A group that speaks for consumer interests at the National Association of Insurance Commissioners for years says the NAIC should give up on trying to save stand-alone long-term care insurance.
The Center for Economic Justice says state insurance regulators should instead encourage insurers to add long-term care benefits to products that protect consumers against other types of risk.
The Austin, Texas-based group made that argument in a comment letter sent to the NAIC’s Long-Term Care Innovation Subgroup. The subgroup posted the letter on its section of the NAIC’s website Tuesday.
The NAIC is a Kansas City, Missouri-based group for state insurance regulators. The Health Insurance and Managed Care Committee, a major arm of the NAIC, formed the LTC Innovation subgroup to come up with ideas for improving the state of the market for private stand-alone long-term care insurance.

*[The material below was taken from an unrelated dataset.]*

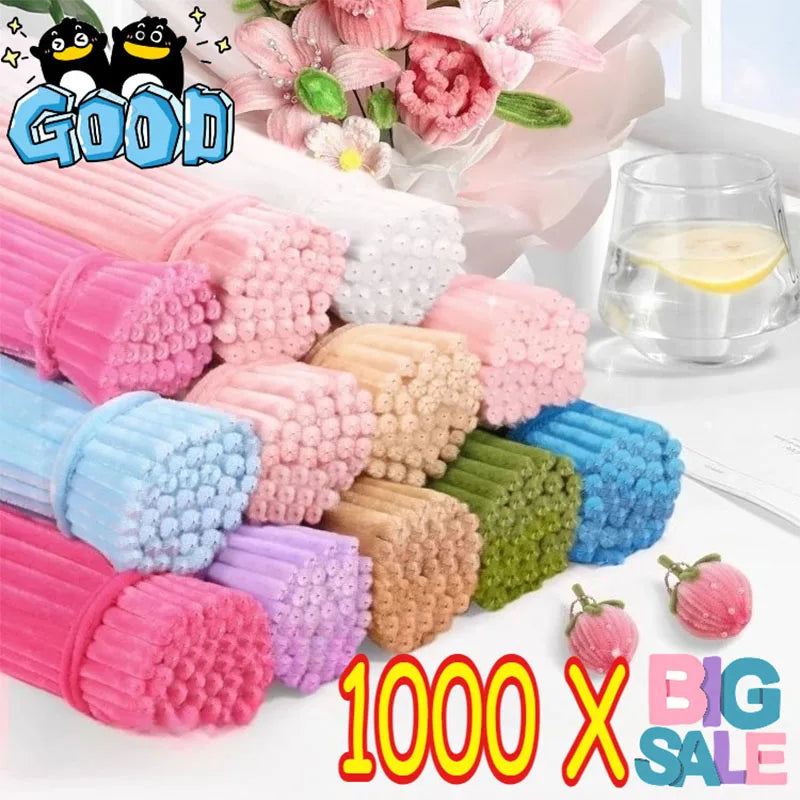 Creative Wires Chenille Wire Pipe Cleaners Colorful Chenille Stems DIY Plush Stem Wired Twist Stick Hair Strip Kid Handmade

Issuers have argued that factors such as competition from Medicaid nursing home benefits, low levels of consumer awareness of long-term care risk, and rigid, complicated state regulations have made offering affordable, sustainable stand-alone LTCI difficult. Issuers have also complained that years of very low interest rates on high-quality bonds and insurers’ inaccurate ideas about how stand-alone LTC might work have hurt the profitability of LTCI products.
The LTC Innovation subgroup has held a series of conference calls over the past year to hear from insurance company executives, trade group representatives and others about proposals for overcoming those problems.
The Center for Economic Justice is encouraging the sale of simple, broad insurance and retirement products. (Photo: iStock)
The Center for Economic Justice contends that the subgroup members should take a different approach.